Case 1: Mom going counterclockwise, Ben going clockwise $\big($ with probability $\frac12 \times \frac12 = \frac14\big)$
$\hspace{1cm}$ This is the luckiest case where they can see each other in just $\color{#D61F06}0.5\text{ minutes}$ half way between M and B .

Case 2: Mom going clockwise, Ben going counterclockwise $\big($ with probability $\frac12 \times \frac12 = \frac14\big)$
$\hspace{1cm}$ This is also good because they can find each other in $\color{#D61F06}1\text{ minute}$ at T .

Case 3: Both going in the same direction, clockwise or counterclockwise $\big($ with probability $2\times \frac12 \times \frac12 = \frac12\big)$
$\hspace{1cm}$ This is the worst case scenario where they've only wasted $\color{#D61F06}1\text{ minute}$ and have to start all over again, as they are exactly in the same situation as 1 minute ago, now one being at T and the other at M or B .
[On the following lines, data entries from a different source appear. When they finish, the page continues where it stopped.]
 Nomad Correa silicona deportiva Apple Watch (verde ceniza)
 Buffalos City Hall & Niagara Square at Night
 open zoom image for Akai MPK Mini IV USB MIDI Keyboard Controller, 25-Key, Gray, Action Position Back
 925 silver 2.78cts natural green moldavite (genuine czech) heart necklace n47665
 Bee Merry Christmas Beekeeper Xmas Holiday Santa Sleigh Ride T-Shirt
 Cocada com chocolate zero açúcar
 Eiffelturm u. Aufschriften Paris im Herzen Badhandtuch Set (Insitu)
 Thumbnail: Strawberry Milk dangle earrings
Now, let $x$ be the expected amount of time (in minutes) that it takes for them to find each other. Then $\begin{aligned} x&=\left(\frac14\times 0.5\right) + \left(\frac14 \times 1\right) + \left(\frac12 \times (1+x)\right) \qquad (1)\\ &=\frac18+\frac14+\frac12+\frac{x}2\\\\ \frac{x}2&=\frac78\implies x=\frac74=1.75. \end{aligned}$ You may wonder what the $x$ at the end of equation (1) might be. It's the same $x$ as on the left-hand side of (1) because, with probability $\frac12,$ they have to go through exactly the same thing again (as if nothing happened) after wasting 1 minute, hence the term $\frac12\times (1+x).$

Therefore, our answer is 1.75 minutes, which is greater than 1.5 minutes. So, the conventional wisdom prevails: "Boy, stay put!"